To prove the theorem, we need the definition of upper and lower sequence.
Upper And Lower Sequence
Definition:
For a bounded sequence \(a_n\), let
\[u_n = \sup \{a_m \vert m \ge n\}\] \[l_n = \inf \{a_m \vert m \ge n\}\]we call \(u_n\) the upper sequence of \(a_n\), \(l_n\) the lower sequence of \(a_n\). We want to show for the bounded sequence \(a_n\), the upper sequence and lower sequence converge: \(\lim_{n\to\infty} u_n, \lim_{n\to\infty} l_n\) exists. It is easy to see \(u_n \searrow, \, l_n \nearrow\). Also \(l_n \le a_n \le u_n\).
For example, to show \(u_n \searrow\), we need to show \(\forall i \ge 1, u_{i+1} \le u_{i}\). Were this false, \(\exists i \ge 1, u_{i} < u_{i+1}\).
\[u_{i} < u_{i+1} = \sup \{a_m \vert m \ge i + 1\}\] \[u_{i} \text{ is not upper bound of } \{a_m \vert m \ge i + 1\}\] \[u_{i} \text{ is upper bound of } \{a_m \vert m \ge i\} \implies u_{i} \text{ is upper bound of } \{a_m \vert m \ge i+1\}\]Also, the sequence \(\{u_n\}\), \(\{l_n\}\) is bounded. For example, to show \(\{u_n\}\) is bounded, since \(u_n \searrow\), we only need to show \(\{u_n\}\) has lower bound. Let \(A\) be a lower bound of \(\{a_n\}\), we want to show \(A\) is also a lower bound of \(\{u_n\}\). Were this false, \(A\) is not a lower bound of \(\{u_n\}\)
\[\exists i, u_i < A\] \[\exists i, a_i \le \sup \{a_m \vert m \ge i\} = u_i < A\]Then we have \(a_i < A\), this is impossible, since \(A\) is lower bound of \(\{a_n\}\).
\[\overline{\lim_{n\to\infty}} a_{n}=\limsup_{n\to\infty} a_n := \lim_{n\to\infty} u_n\] \[\underline{\lim}\limits_{n\to\infty} \liminf_{n\to\infty} a_n := \lim_{n\to\infty} l_n\]Ex4: \(a_n\) converges \(\iff\) \(\limsup_{n\to\infty} a_n = \liminf_{n\to\infty} a_n \ne \infty\).
And if it is the case, \(\lim_{n\to\infty}a_n = \limsup_{n\to\infty} a_n = \limsup_{n\to\infty} a_n\)

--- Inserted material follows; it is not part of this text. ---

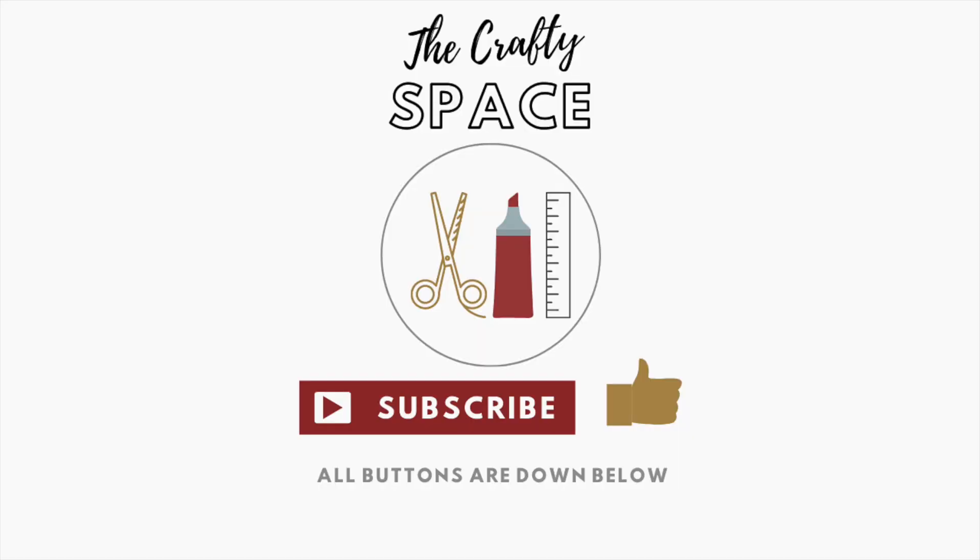And that's it for today. I hope you found this video useful. Thank you for watching the Crafty Space. Make sure you hit that big red subscribe button down below and also hit the thumbs up. Thanks for watching, bye!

We have \(l_n \le a_n \le u_n\)
\(\Leftarrow\) is from squeeze theorem.
\(\implies\), Let \(\lim_{n\to\infty}a_n\) = A
\[\forall \epsilon > 0\, \exists N \in\mathbb{N}\, [n \ge N \implies A - \varepsilon < a_n < A + \varepsilon ]\]thus \(A - \varepsilon\) is a lower bound of \(\{a_m \vert m \ge N\}\), and \(l_N\) is the greatest lower bound of \(\{a_m \vert m \ge N\}\), thus \(A - \varepsilon \le l_N \le l_n\) for all \(n \ge N\). Similarly
\[\forall \epsilon > 0\, \exists N \in\mathbb{N}\, [n \ge N \implies A - \varepsilon \le l_{N} \le l_n \le a_n \le u_n \le u_N \le A + \varepsilon ]\]thus \(\limsup_{n\to\infty} a_n = \liminf_{n\to\infty} a_n = A\).